Monday, 27 December 2010

Lantern Hill (1990)

Lantern Hill is based on the novel Jane of Lantern Hill by L.M. Montgomery, the same author who wrote Anne of Green Gables and Emily of New Moon. The movie was produced by Sullivan Entertainment, like Anne was, and just like Anne, this movie is a great find. I'm actually surprised I hadn't heard of it before acquiring it by chance and watching it. It really is very good.

The story follows a girl named Jane who lives in Toronto with her mother in the early 1900's. Her mother comes down with a serious illness however and Jane is forced to leave her middle class home to move in with her very wealthy grandmother while her mother recovers. Jane doesn't fit in very well here and, much to her grandmother's horror, would much rather spend her time in the kitchen or doing housework than socializing with other girls from elite families. She is also frequently bullied by her cousin who one day tells her that her father, whom she was told passed away, is alive. Her grandmother receives a letter soon after that from her father, requesting that Jane comes to live with him for a time in Prince Edward Island. Fearful of legal issues that could arise, her grandmother has no choice but to send her away. Jane of course goes along and, like many heroines in LMM books we get the sense that she isn't really wanted or needed (unlike many heroines though she does have both parents alive). Jane arrives and is picked up by her father's sister, who Jane seems not to gel with immediately. Jane meets her father, who is a writer, and he's a scatter brained person with a big dog and a house by the sea on Lantern Hill. At first she feels just as ostracized and out or place as she did back in Toronto, but as her relationship with her father gets a little better and she slowly settles into island life she feels happy. She also finds out that there is a potential woman in her father's life now, but he has never remarried since her mother. Jane of course wants her parents to reunite.

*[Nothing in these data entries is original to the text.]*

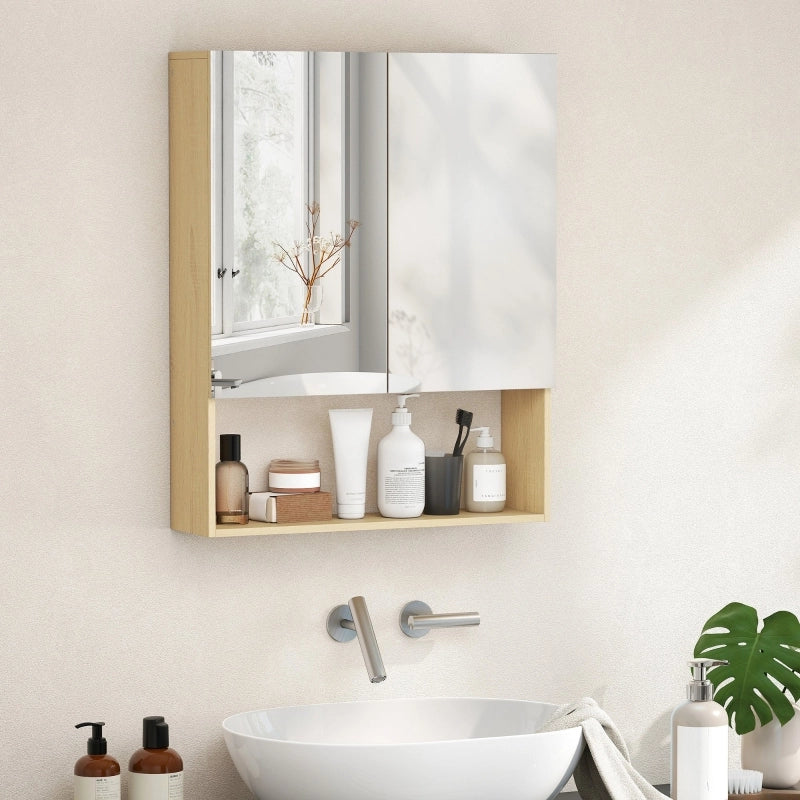 Specchio armadio da bagno a parete con ripiani aperti, finitura effetto rovere, 60 x 16,6 x 75 cm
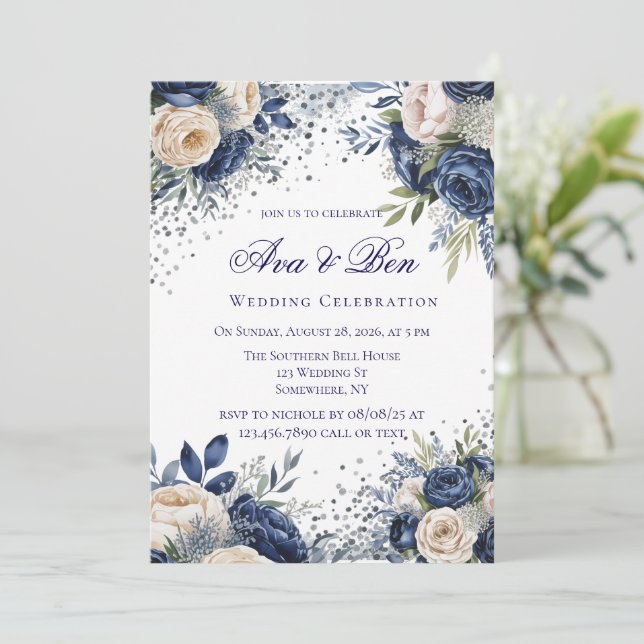 Navy Blue and Ivory Floral Wedding Celebration  Invitation (Standing Front)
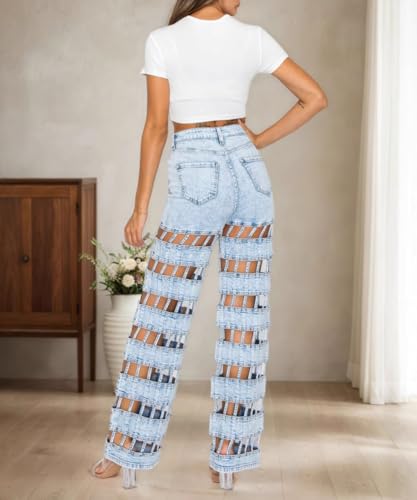 Women's High Waisted Stretch Y2k Jeans Trendy Washed Ripped Cutout Straight Leg Denim Pants4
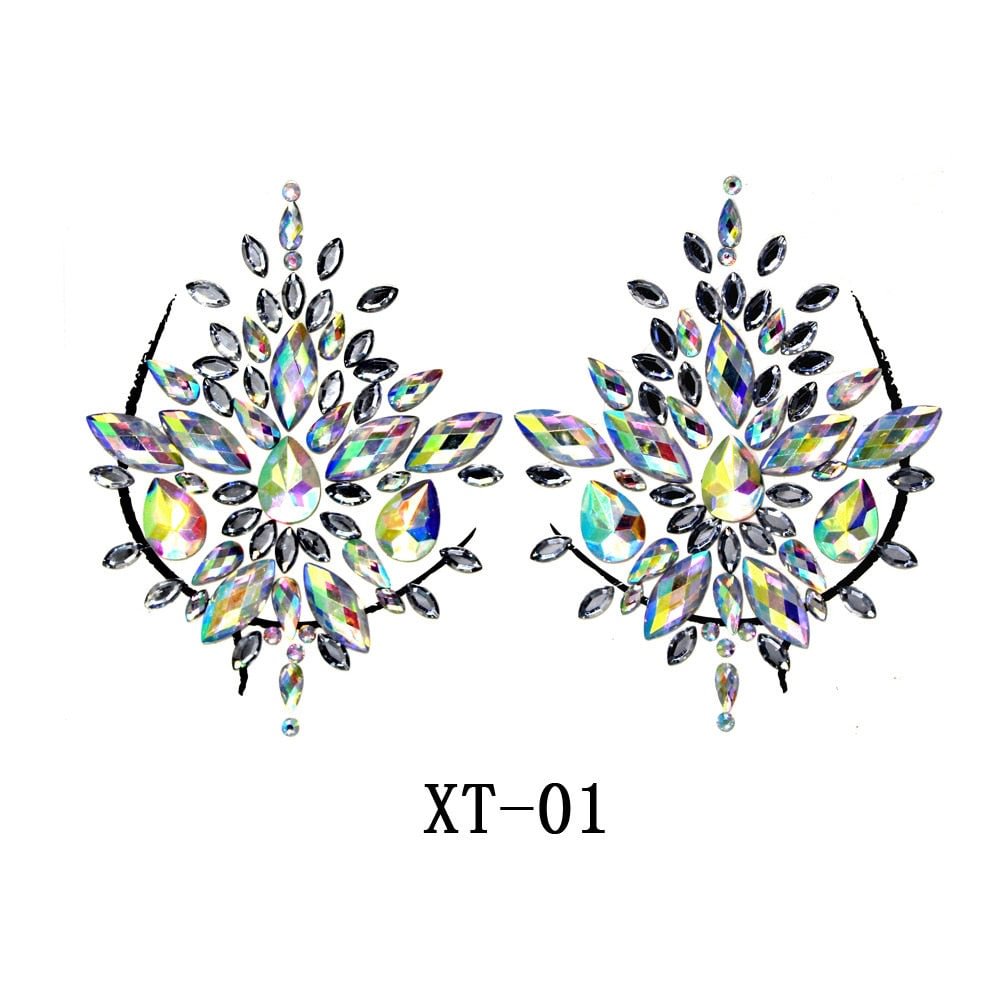 Hot Sexy Chest Crystal Resin Drill Tattoo Sticker Bar Music Festival Rhinestone Tattoo Stickers Carnival Party Makeup Highlight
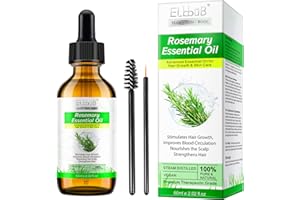 ELBBUB Ätherisches Rosmarinöl für Kopfhaut und Haar, stärkendes Öl für die Pflege der Kopfhaut, stärkt das Haar, stimuliert das Haarwachstum für Männer und Frauen 60ml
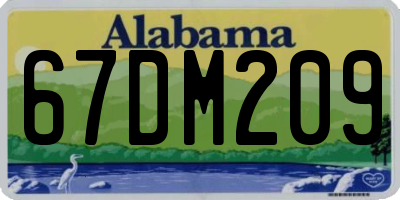 AL license plate 67DM209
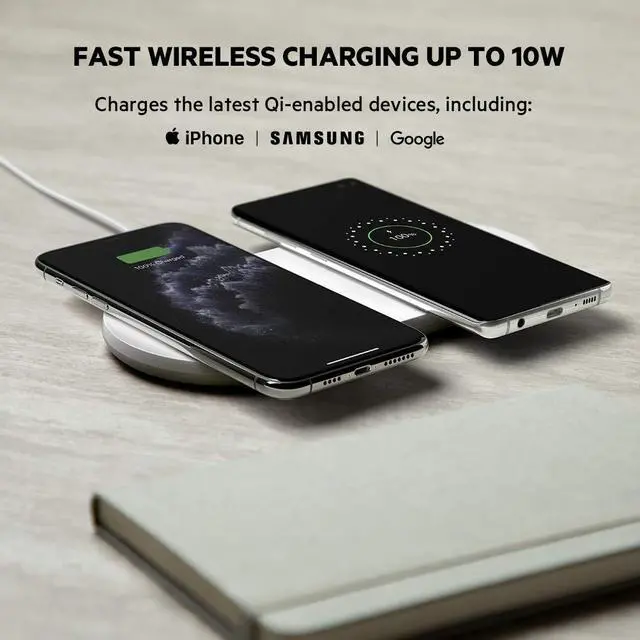 Alt view image 3 of 7 - Quick Charge Dual Wireless Charging Pad - 10W Qi-Certified Charger Pad for iPhone, Samsung, Apple Airpods & More - Charge While Listening to Music, Streaming Videos, & Video Calls - White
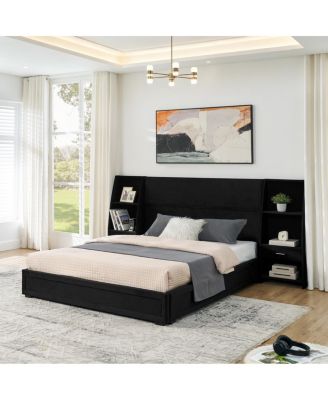  Queen Velvet Storage Platform Bed Frame with Bookcases and Drawer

This movie is fantastic. It has the same level of production as Anne of Green Gables, but the story and character types are different so it has a different feel to it. Jane is a really great heroine. She's a good heroine because even though she loves doing domestic things (unpopular even today as something a woman should aspire to or even enjoy in some circles) she doesn't give in to the situations she's thrust into. She isn't very vocal about what she wants, but she stubbornly stays true to herself.

Also, a young Sarah Polley has a role in the film as a young scullery maid who befriends Jane. As fans may know, Sarah Polley stars in another successful Sullivan production called Road to Avonlea, which is a series featuring the town Anne was a part of, though she's not in the show at all.